The father of Kierra Coles, a postal worker who disappeared last October, urged for anyone with information on missing person cases in the area to come forward.
Coles was last seen on surveillance video leaving her home near 81st and Vernon in the Chatham neighborhood. She was pregnant at the time and due in April.
Police previously said they suspected foul play in Coles' disappearance.
Joseph Coles said police don't have any other leads in the search for his daughter, but he refuses to give up.
"I do believe my daughter is still alive," Joseph Coles said at Daley Plaza on Monday.
There's a $46,000 reward for information leading to her whereabouts. Anyone with information about Coles is asked to call the Area South Special Victims Unit at (312) 747-8274 or the U.S. Postal Inspection Service at (877) 876-2455.
LaShann Walker will not give up either. Her intellectually disabled daughter Diamond Bynum went missing from her home in Gary, Indiana, along with her 2-year-old nephew King Walker, nearly four years ago.
At the time, it was believed Bynum had wandered off and gotten lost.
"My world has just been turned upside down," said LaShann Walker . "Sometimes I feel like I'm in this by myself."
The sister-in-law of Stacy Peterson, a Bolingbrook mother who disappeared nearly 12 years ago, also spoke out on Monday.
Peterson was 23 when she went missing in 2007. Her husband, former Bolingbrook Police Sgt. Drew Peterson, was a suspect, but he was never charged. He's serving time for killing his previous wife, Kathleen Savio, and a murder-for-hire plot to kill Will County State's Attorney James Glasgow.

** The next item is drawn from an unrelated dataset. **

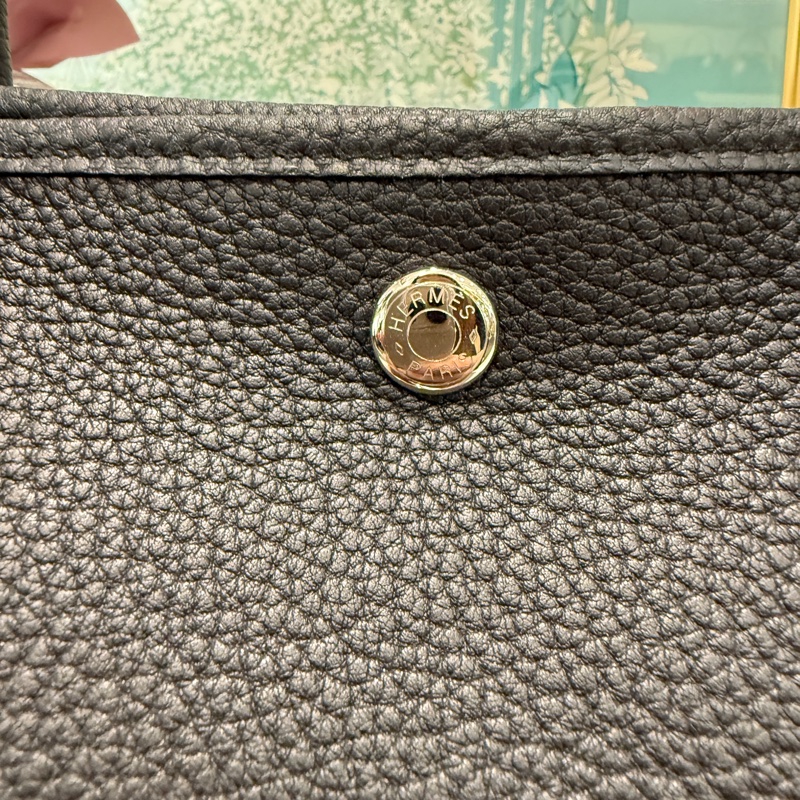 Hermes 89黑T/C皮GardenParty36手提包-4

Stacy Peterson's family still wants to find her remains.
Her sister-in-law, Norma Peterson, has since become a domestic abuse advocate. She's helping to promote what is known as an Evidentiary Abuse Affidavit, created in the wake of Peterson's disappearance.
"What it does is that it allows victims to be able to document their abuse, so that they can let people know what was going on with them at the time," Norma Peterson said.